No more Cheetos for Cinderella.

Walt Disney Chairman and CEO Robert Iger says he is planning to announce later today that by 2015 his company will advertise only healthy (or at least healthier) foods on its kids-focused television programming.

That means items such as Kraft Lunchables meals or Capri Sun drinks – existing advertised products – may no longer be promoted on the Disney Channel, Disney XD, Disney Junior, Radio Disney, Disney.com and Saturday morning programming for kids. (Disney owns ABC.)  Also on the outs will be any number of sugary, sweet, nutritionally vapid candies, cereals, and fast food items, although “healthier” versions of these items may still make the cut.

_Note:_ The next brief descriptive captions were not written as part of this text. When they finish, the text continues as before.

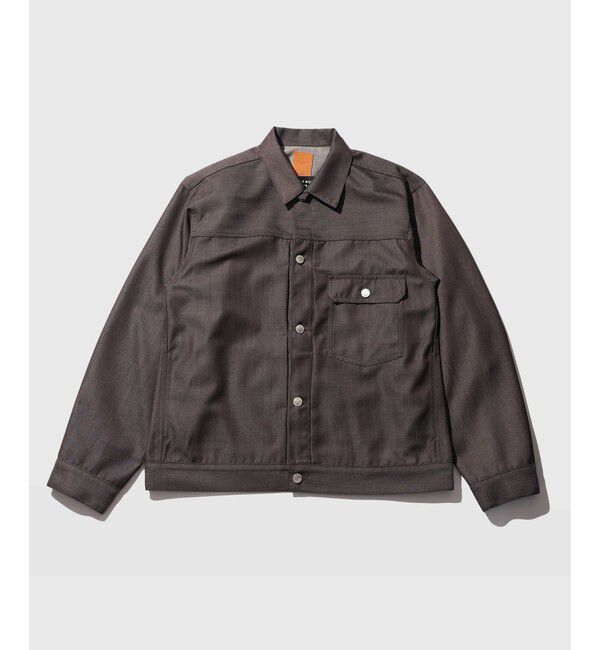 ADAM ET ROPE'「NIKKE デニムトラックジャケット / ADAM ET ROPE' JEANS」|デニムジャケット|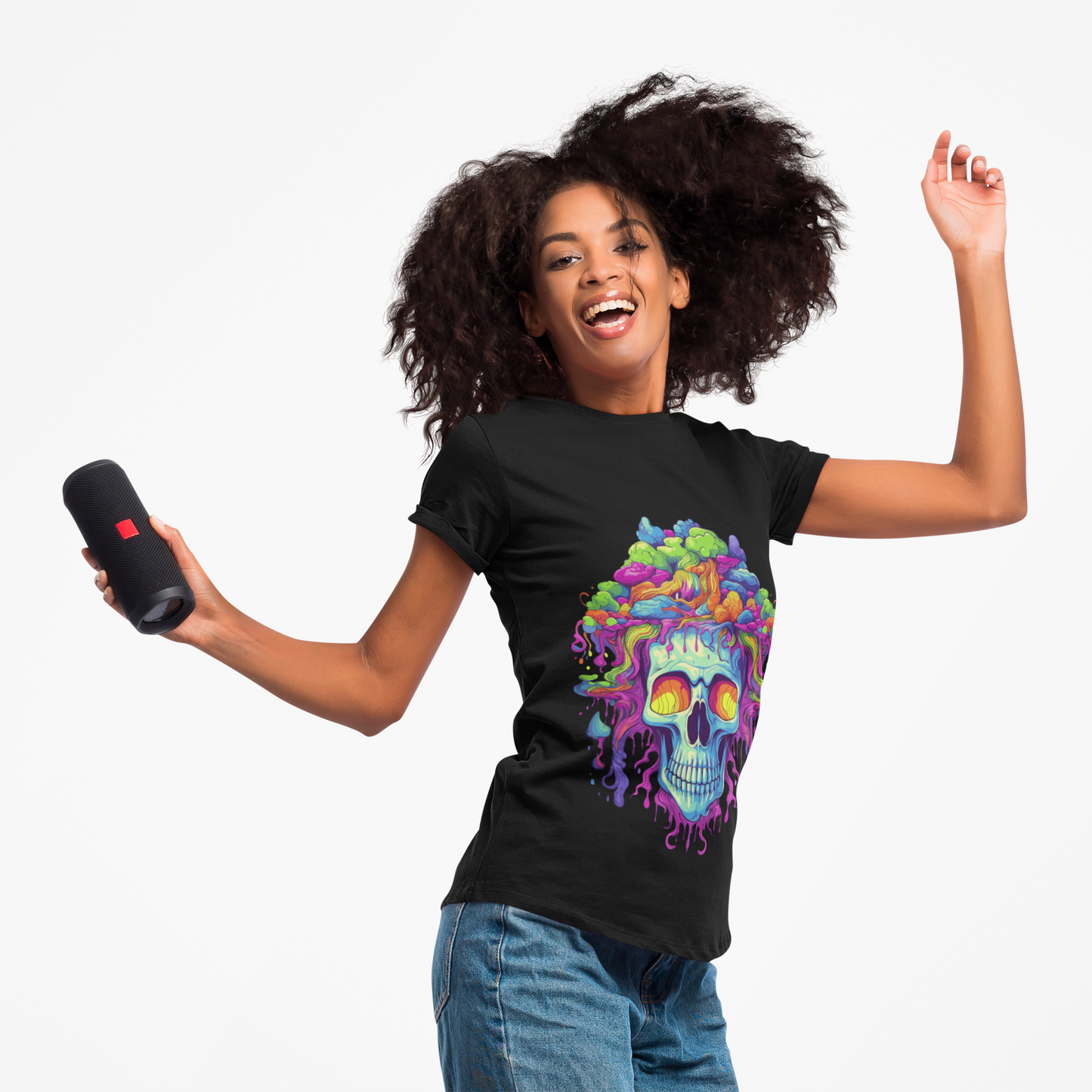 Psychedelic Treetop Skull Unisex T-Shirt | Skull Rebel Frequency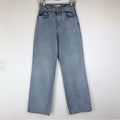 Zara Light blue greyish Wide Leg Jeans - TheRWDenimZara Light Blue Greyish Wide Leg – TheRWDenim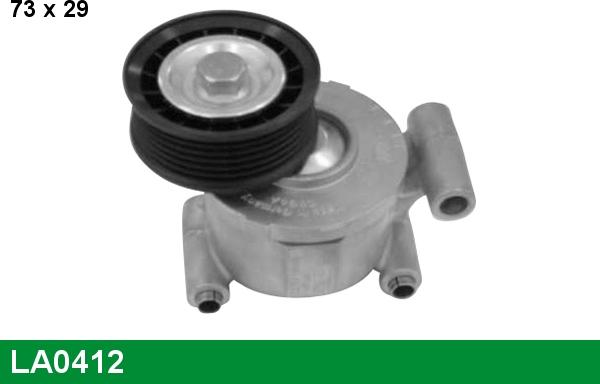 LUCAS LA0412 - Tendeur de courroie, courroie trapézoïdale à nervures droxauto.com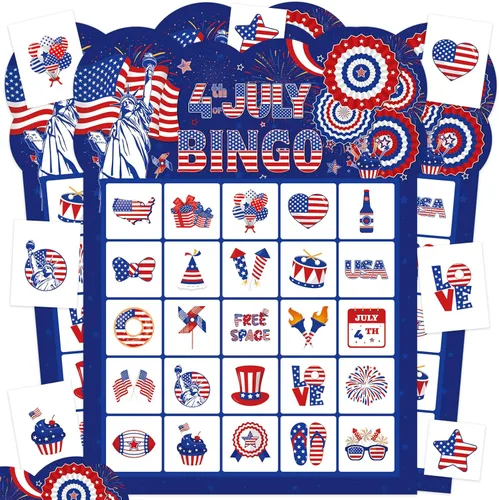 Miniatura 13 de Tarjetas de juego de bingo de cumpleaños para fiesta, 24 jugadores, fiesta de cumpleaños, juegos de bingo para escuela, oficina, familia, grupo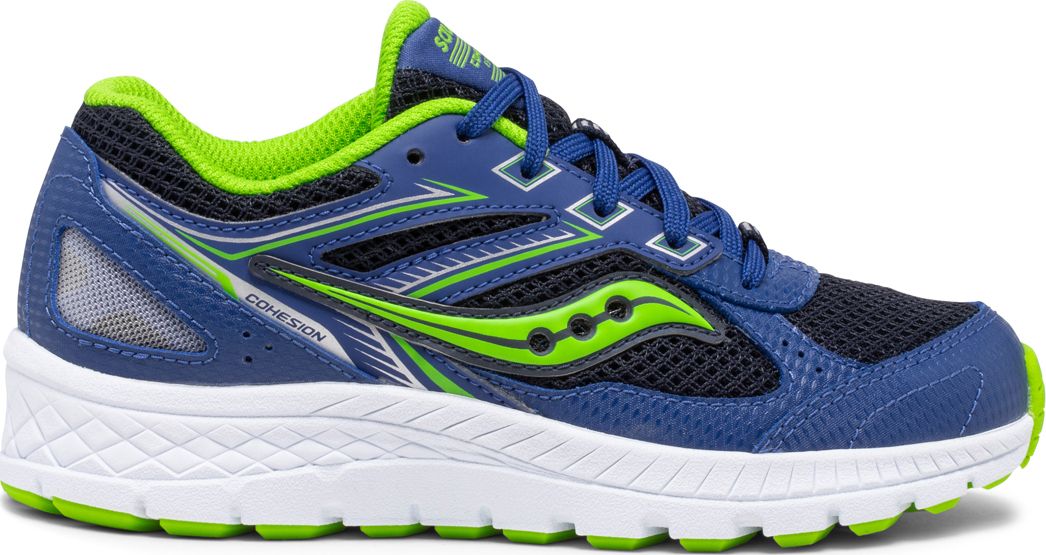 Cohesion 14 Lace Sneaker, Blue | Green, dynamic 1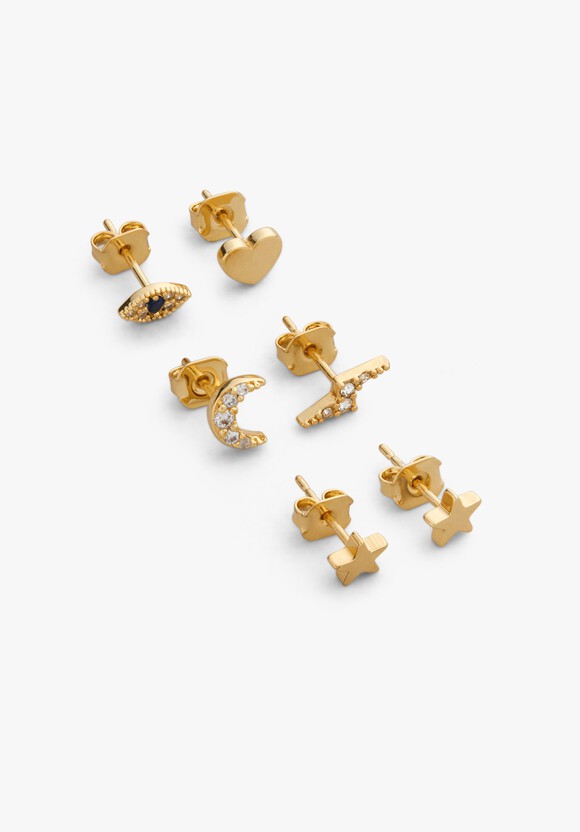 Ava Mixed Earring Set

The company will also reduce the amount of sodium by 25 percent in kids' meals served at its theme parks, according to press reports, a move that puts it in line with other public health efforts targeting American sodium consumption.

First Lady Michelle Obama is expected to be on hand for the announcement. Ms. Obama, whose “Let’s Move!” campaign works against childhood obesity, has partnered with Disney’s healthy living efforts in the past, and says she hopes this latest step will be a model for other US companies.

“This new initiative is truly a game changer for the health of our children,” she said in a statement. “With this new initiative, Disney is doing what no major media company has ever done before in the US – and what I hope every company will do going forward.  When it comes to the ads they show and the food they sell, they are asking themselves one simple question: ‘Is this good for our kids?’”

Well, perhaps not just that one simple question.

While he told The New York Times that “companies in a position to help with solutions to childhood obesity should do just that,” Mr. Iger added: “This is not altruistic. This is about smart business.”

Disney markets health food for children, and says consumers have purchased billions of servings of its fruits and vegetables.

But so it goes. Better than Disney fries, right?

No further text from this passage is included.